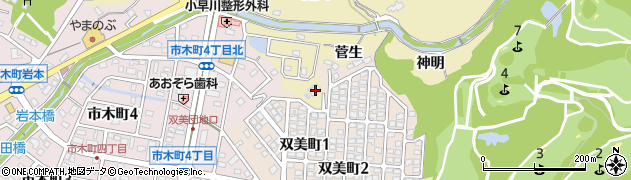 愛知県豊田市岩滝町菅生277周辺の地図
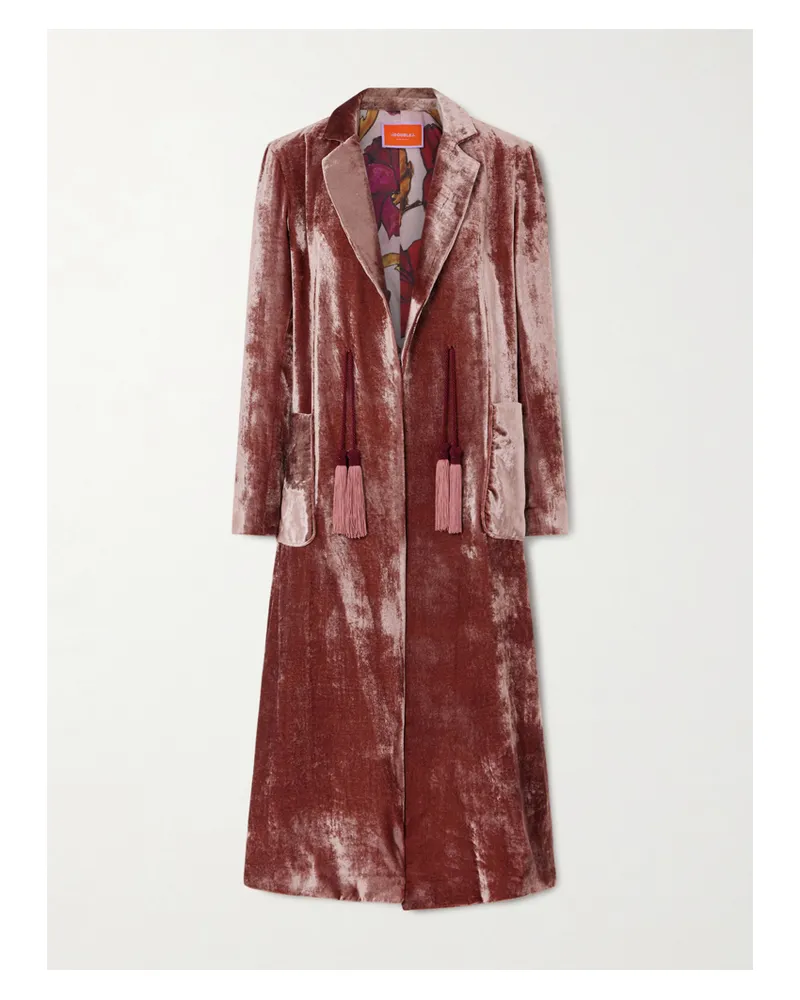 La DoubleJ Mantel Aus Samt Mit Troddeln - Pink Pink
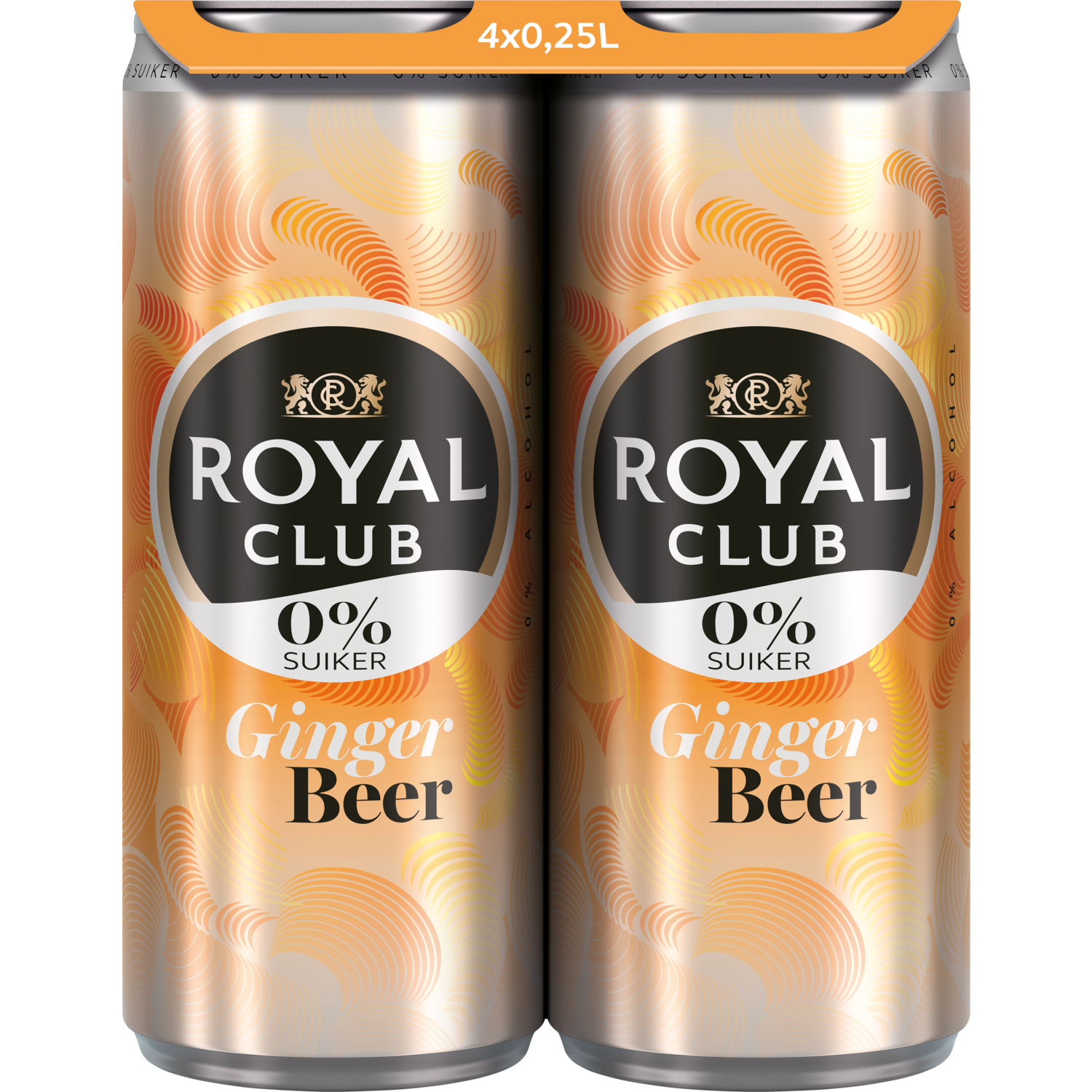 Royal Club Ginger beer 0% 4x 25cl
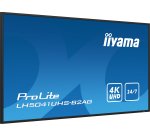iiyama LH5041UHS-B2AG Écran d'affichage dynamique Écran plat de signalisation numérique 127 cm (50") LCD 500 cd/m² 4K Ultra HD Noir 24/7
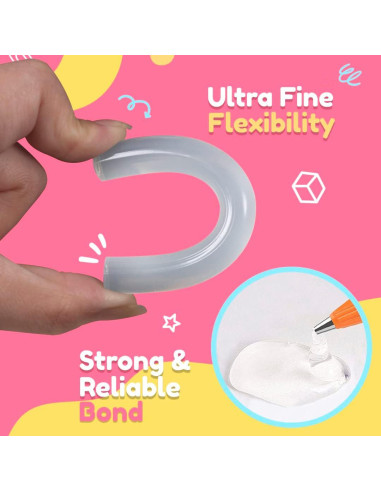 Barras de Pegamento Caliente Mini Gluerious 200 Pcs 10 cm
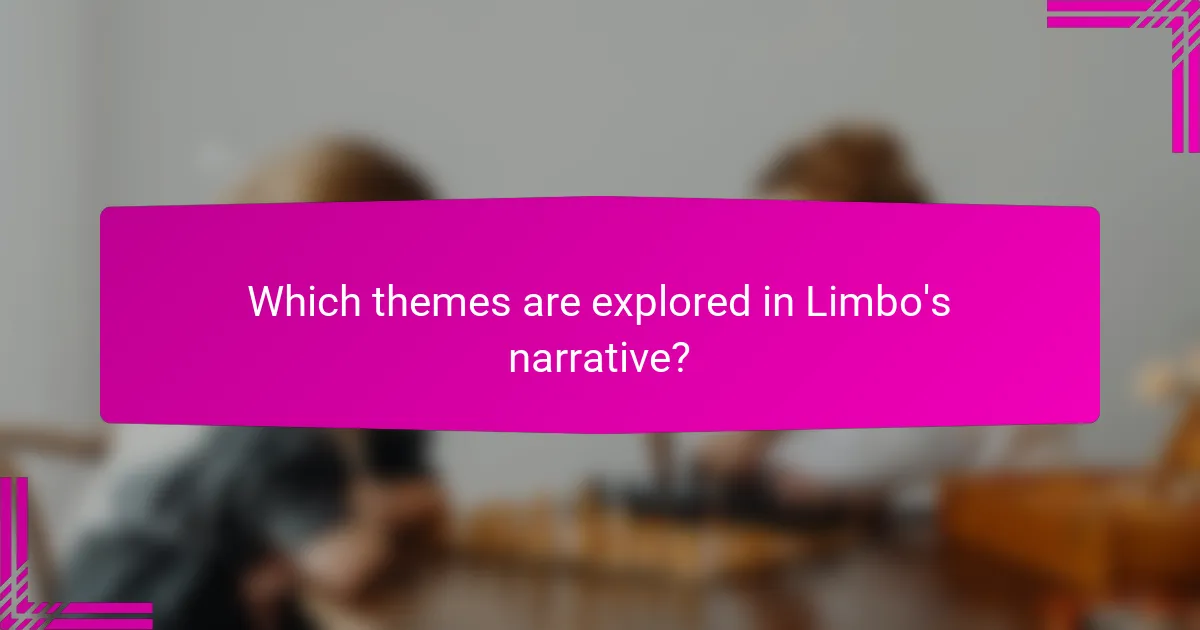 Which themes are explored in Limbo's narrative?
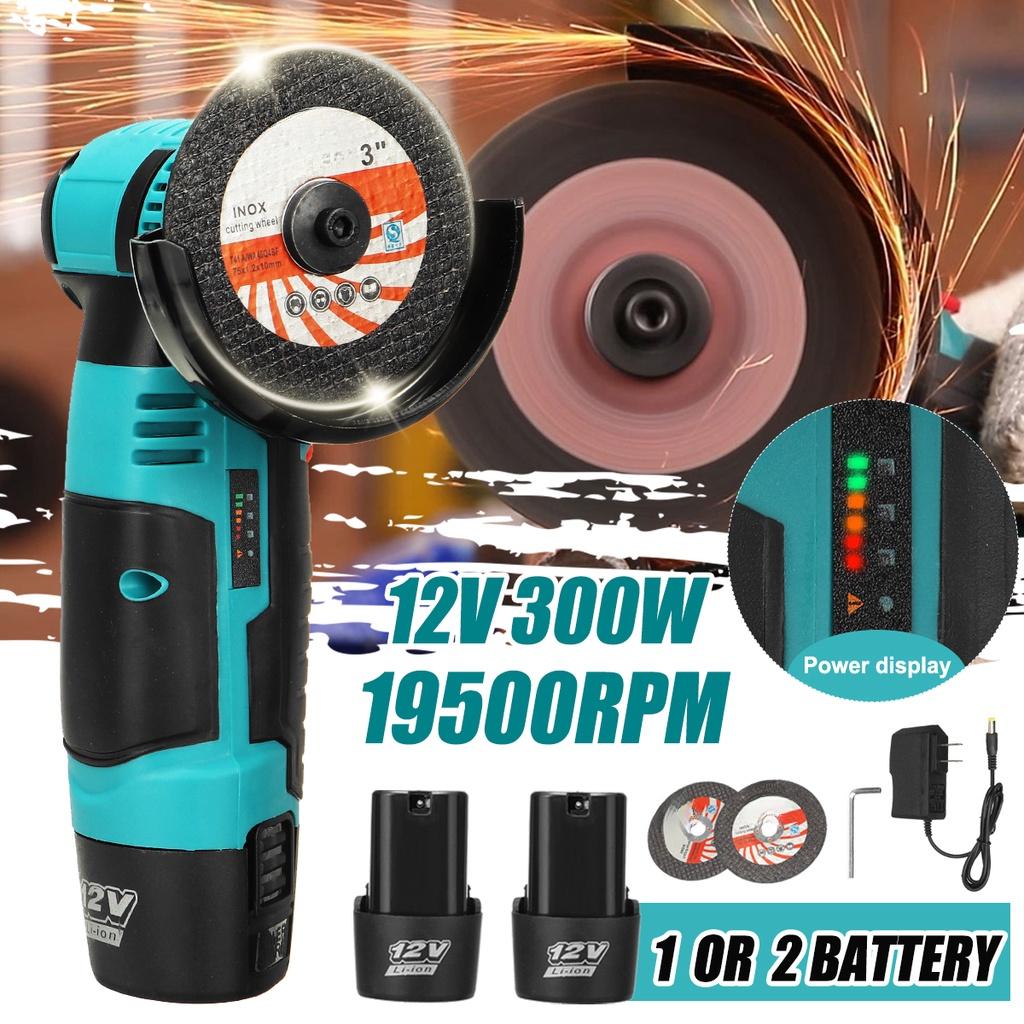 12V Cordless Angle Grinder Electric Metal Cutter Power Tools Mini Polishing Grinding Machine With Plastic Box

_ _ _

What you have to do
Transcribe the entries above exactly, from their first line through the line with "iiyama LH5041UHS-B2AG Écran", and omit all pictures.

Written solution
 愛知県豊田市岩滝町菅生277周辺の地図
 La DoubleJ Mantel Aus Samt Mit Troddeln - Pink Pink
 Royal Club Ginger beer 0% 4x 25cl
iiyama LH5041UHS-B2AG Écran d'affichage dynamique Écran plat de signalisation numérique 127 cm (50") LCD 500 cd/m² 4K Ultra HD Noir 24/7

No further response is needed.